3.2 The citation entry (the truth)
A registered entry is the durable identity of a citable unit:
class CitationEntry(TypedDict):
n: int # the tiny label shown to the model
source_type: str # "kb_chunk" | "kb_document" | "connector_item"
# | "web_result" | "chat_turn" | "anon_chunk"
locator: dict[str, Any] # source-specific identity (see table 3.1)
display: dict[str, Any] # title, source label, url, date — for the UI pill
3.3 The registry (the bookkeeping)
Lives in agent state so it survives across turns and across orchestrator + subagents.
class CitationRegistry(TypedDict):
by_n: dict[int, CitationEntry] # n -> entry (resolve direction)
by_key: dict[str, int] # source_key -> n (dedup / find-or-create)
next_n: int # monotonic counter
source_keyis a stable string derived from(source_type, locator), e.g."kb_chunk:42:880","web_result:https://…","chat_turn:7:1190".- Numbering is per-conversation and monotonic.
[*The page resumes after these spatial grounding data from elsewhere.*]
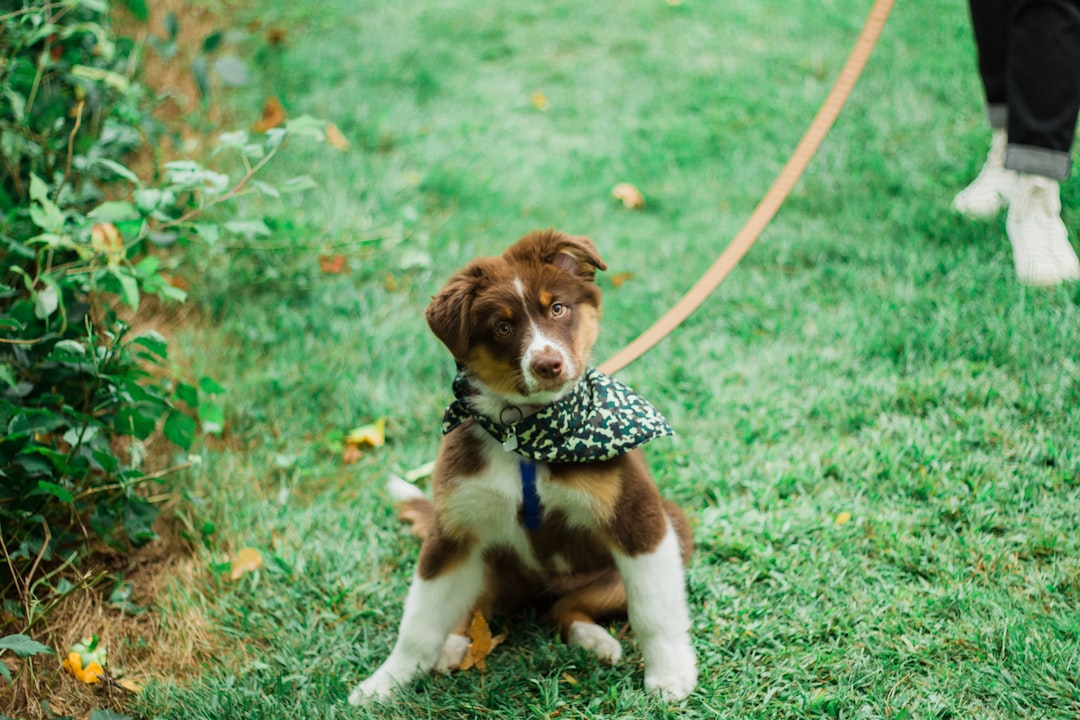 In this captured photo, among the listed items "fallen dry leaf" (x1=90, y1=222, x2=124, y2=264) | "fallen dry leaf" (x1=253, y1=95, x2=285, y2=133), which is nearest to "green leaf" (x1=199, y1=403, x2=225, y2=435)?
"fallen dry leaf" (x1=90, y1=222, x2=124, y2=264)

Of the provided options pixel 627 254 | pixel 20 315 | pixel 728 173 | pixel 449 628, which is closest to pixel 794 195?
pixel 728 173

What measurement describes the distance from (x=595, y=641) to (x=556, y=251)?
1.20m

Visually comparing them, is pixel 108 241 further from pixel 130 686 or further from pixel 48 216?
pixel 130 686

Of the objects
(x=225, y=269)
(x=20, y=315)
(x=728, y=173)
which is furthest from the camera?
(x=728, y=173)

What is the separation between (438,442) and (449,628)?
121 centimetres

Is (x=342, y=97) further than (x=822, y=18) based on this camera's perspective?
No

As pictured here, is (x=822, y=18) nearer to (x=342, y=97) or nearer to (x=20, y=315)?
(x=342, y=97)

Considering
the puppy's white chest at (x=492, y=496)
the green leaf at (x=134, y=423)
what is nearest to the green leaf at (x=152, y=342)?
the green leaf at (x=134, y=423)

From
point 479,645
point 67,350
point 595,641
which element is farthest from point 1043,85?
point 67,350

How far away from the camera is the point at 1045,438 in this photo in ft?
11.2

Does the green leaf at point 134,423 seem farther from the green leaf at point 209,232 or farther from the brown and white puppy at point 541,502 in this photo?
the brown and white puppy at point 541,502

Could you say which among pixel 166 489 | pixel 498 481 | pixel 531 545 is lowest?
pixel 166 489

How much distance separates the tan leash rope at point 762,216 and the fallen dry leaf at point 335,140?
277cm

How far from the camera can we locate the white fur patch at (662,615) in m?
2.68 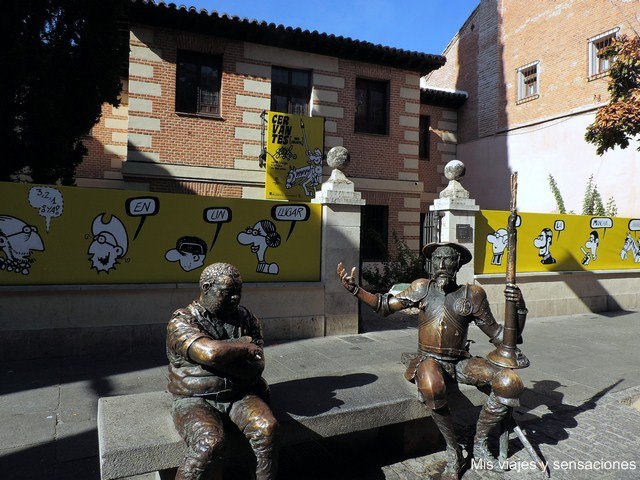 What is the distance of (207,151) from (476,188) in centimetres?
1098

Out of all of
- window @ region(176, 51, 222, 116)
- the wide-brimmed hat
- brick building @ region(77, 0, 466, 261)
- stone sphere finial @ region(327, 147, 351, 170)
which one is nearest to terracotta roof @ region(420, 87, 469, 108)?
brick building @ region(77, 0, 466, 261)

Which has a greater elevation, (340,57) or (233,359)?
(340,57)

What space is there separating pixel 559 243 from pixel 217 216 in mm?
7452

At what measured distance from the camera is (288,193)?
1205 cm

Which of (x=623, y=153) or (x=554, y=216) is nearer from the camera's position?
(x=554, y=216)

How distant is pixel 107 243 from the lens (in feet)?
20.2

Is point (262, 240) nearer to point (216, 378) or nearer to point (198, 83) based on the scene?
point (216, 378)

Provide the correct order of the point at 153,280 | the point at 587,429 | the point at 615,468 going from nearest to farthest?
the point at 615,468, the point at 587,429, the point at 153,280

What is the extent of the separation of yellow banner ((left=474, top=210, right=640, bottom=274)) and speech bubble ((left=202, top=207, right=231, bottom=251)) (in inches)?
193

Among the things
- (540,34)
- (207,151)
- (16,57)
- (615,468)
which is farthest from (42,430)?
(540,34)

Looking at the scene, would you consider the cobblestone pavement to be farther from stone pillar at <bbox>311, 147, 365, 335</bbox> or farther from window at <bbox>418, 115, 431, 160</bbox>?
window at <bbox>418, 115, 431, 160</bbox>

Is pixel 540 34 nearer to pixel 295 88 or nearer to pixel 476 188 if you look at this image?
pixel 476 188

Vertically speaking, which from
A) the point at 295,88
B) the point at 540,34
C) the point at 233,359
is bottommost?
the point at 233,359

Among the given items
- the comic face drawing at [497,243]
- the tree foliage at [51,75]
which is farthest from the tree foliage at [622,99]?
the tree foliage at [51,75]
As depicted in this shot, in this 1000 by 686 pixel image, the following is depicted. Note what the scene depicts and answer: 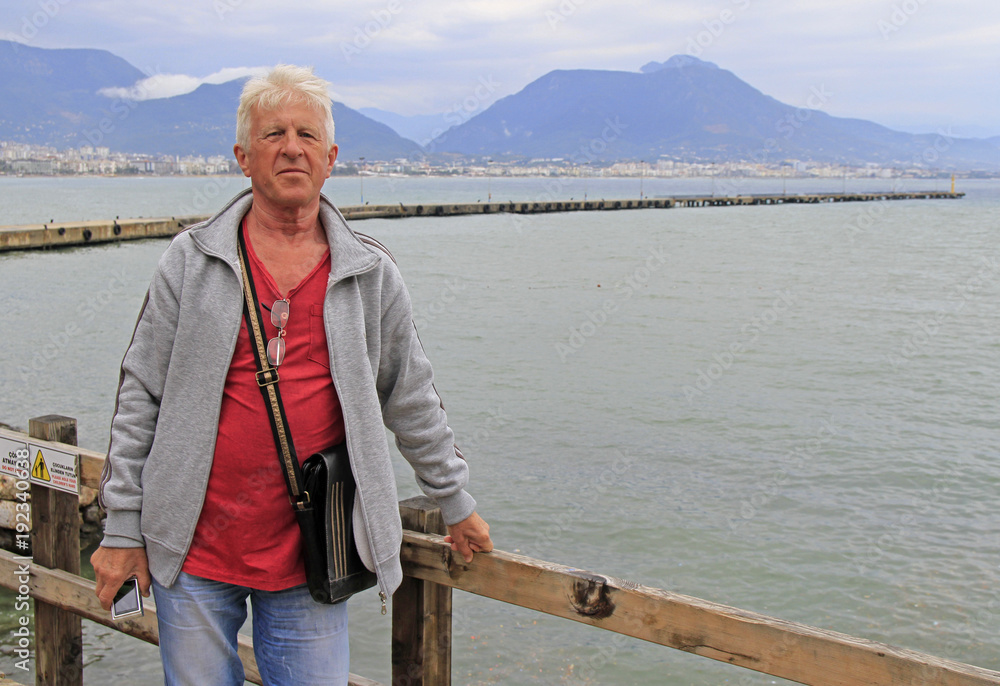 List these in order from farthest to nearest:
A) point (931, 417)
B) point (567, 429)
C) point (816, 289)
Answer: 1. point (816, 289)
2. point (931, 417)
3. point (567, 429)

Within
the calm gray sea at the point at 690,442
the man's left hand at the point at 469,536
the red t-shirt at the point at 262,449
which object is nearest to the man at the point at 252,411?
the red t-shirt at the point at 262,449

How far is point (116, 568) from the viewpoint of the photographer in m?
2.00

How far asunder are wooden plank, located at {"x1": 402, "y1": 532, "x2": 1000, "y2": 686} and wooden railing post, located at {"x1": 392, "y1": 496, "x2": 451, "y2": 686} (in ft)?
0.18

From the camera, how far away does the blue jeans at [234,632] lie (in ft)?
6.55

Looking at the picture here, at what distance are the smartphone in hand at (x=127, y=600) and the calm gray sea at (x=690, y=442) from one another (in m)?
3.07

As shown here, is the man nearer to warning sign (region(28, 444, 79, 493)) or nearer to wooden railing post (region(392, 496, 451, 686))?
wooden railing post (region(392, 496, 451, 686))

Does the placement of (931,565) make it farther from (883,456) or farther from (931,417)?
(931,417)

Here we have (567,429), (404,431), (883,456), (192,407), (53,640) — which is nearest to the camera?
(192,407)

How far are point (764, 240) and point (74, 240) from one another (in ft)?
104

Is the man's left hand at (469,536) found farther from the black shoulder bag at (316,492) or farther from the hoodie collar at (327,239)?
the hoodie collar at (327,239)

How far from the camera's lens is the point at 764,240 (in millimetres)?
45375

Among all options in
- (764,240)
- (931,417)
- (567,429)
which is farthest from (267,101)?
(764,240)

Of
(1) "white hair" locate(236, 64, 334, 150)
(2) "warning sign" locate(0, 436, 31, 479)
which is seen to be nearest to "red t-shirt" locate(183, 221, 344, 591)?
(1) "white hair" locate(236, 64, 334, 150)

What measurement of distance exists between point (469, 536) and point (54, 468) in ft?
4.93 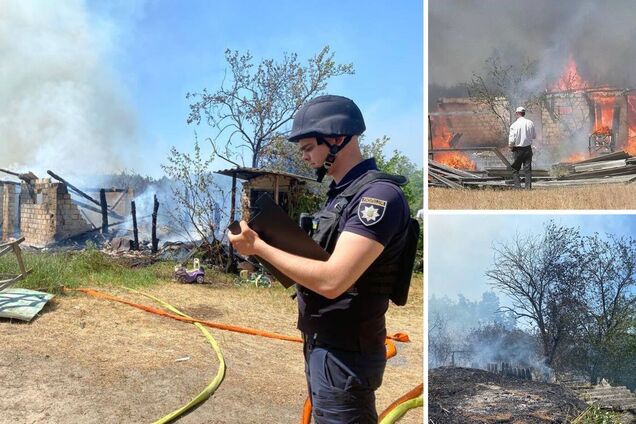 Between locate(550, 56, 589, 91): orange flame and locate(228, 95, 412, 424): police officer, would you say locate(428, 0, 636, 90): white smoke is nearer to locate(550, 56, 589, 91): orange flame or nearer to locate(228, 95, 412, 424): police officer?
locate(550, 56, 589, 91): orange flame

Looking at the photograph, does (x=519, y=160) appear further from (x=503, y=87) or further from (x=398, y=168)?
(x=398, y=168)

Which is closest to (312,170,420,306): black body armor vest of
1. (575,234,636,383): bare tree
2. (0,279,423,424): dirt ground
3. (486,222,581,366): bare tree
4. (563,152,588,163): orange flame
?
(486,222,581,366): bare tree

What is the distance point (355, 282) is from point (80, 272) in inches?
363

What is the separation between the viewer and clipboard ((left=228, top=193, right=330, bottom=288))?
1.66m

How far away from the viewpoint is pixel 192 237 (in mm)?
13883

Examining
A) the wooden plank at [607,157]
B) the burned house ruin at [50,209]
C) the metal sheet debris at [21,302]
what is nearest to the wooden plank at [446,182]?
the wooden plank at [607,157]

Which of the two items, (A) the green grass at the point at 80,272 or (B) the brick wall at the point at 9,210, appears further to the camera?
(B) the brick wall at the point at 9,210

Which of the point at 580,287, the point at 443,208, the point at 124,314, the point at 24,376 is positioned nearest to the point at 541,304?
the point at 580,287

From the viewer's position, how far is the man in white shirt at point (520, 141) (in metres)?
3.50

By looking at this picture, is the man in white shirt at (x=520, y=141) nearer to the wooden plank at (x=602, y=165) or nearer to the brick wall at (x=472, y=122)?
the brick wall at (x=472, y=122)

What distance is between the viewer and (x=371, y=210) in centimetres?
155

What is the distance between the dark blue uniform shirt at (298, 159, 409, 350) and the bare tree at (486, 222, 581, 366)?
102 cm

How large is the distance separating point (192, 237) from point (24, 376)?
932 cm

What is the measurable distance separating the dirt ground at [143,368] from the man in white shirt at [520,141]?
6.51ft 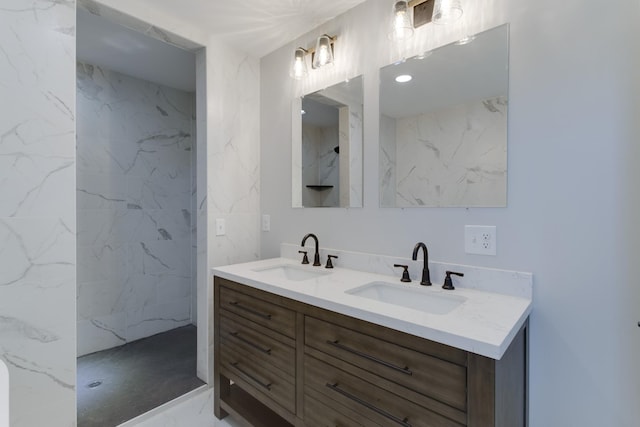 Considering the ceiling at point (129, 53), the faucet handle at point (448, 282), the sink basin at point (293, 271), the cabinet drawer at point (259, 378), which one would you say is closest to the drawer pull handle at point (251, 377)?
the cabinet drawer at point (259, 378)

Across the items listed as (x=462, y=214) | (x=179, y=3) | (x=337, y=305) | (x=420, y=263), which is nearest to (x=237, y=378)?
(x=337, y=305)

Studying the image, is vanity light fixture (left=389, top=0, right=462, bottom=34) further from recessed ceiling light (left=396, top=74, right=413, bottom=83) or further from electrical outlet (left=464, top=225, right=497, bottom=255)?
electrical outlet (left=464, top=225, right=497, bottom=255)

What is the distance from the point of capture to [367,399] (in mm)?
1080

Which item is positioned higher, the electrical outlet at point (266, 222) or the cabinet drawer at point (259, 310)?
the electrical outlet at point (266, 222)

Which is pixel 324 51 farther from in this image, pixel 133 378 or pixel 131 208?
pixel 133 378

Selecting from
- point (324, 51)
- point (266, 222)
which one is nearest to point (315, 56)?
point (324, 51)

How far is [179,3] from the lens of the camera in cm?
171

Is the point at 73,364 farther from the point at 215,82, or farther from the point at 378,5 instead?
the point at 378,5

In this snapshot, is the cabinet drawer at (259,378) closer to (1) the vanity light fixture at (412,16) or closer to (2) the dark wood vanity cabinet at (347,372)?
(2) the dark wood vanity cabinet at (347,372)

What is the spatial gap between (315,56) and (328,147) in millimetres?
545

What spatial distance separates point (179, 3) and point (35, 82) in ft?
2.69

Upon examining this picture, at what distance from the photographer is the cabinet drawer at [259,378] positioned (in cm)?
137

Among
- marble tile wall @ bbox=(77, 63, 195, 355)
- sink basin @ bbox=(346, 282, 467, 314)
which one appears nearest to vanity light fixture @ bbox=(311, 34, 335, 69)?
sink basin @ bbox=(346, 282, 467, 314)

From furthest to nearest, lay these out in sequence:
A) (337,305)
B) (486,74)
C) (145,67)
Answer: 1. (145,67)
2. (486,74)
3. (337,305) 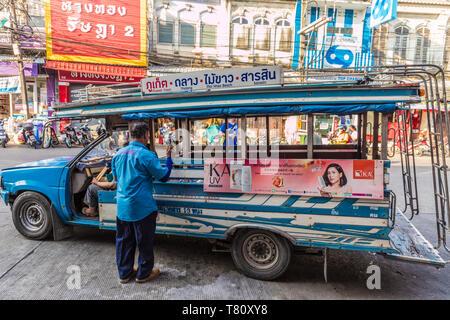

A given
[n]never changes meaning within a conversation. - Dedup: registering an already-seen unit returns its existing
n.
3.4 The two operations
def register(registry, source_type, locator, display) -> int:
"""Find-or-create. Returns the [n] for this unit."""
key = make_key(source_type, locator)
if key in registry["by_key"]:
return registry["by_key"][key]
n = registry["next_n"]
registry["next_n"] += 1
registry["by_n"][n] = {"n": n, "source_type": source_type,
"locator": locator, "display": display}
registry["by_key"][key] = n
return n
def resolve(registry, n) -> CitationEntry | None:
"""Map a model-emitted [n] back to its source. Unknown n -> None (drop)."""
return registry["by_n"].get(n)
3.5 Lifecycle
source yields item
→ register(entry) # source_type + locator + display → assign/reuse [n]
→ render passage with [n] # the number sits INLINE next to the content
→ model writes "...March 10 [n]"
→ resolver: [n] → entry # server-side, on the streamed answer
→ frontend renders citation pill
The model only ever echoes a number that was printed next to the content it used. Unknown/garbled numbers resolve to nothing and are dropped (abstention by construction).
3.6 Presentation format (<retrieved_context>)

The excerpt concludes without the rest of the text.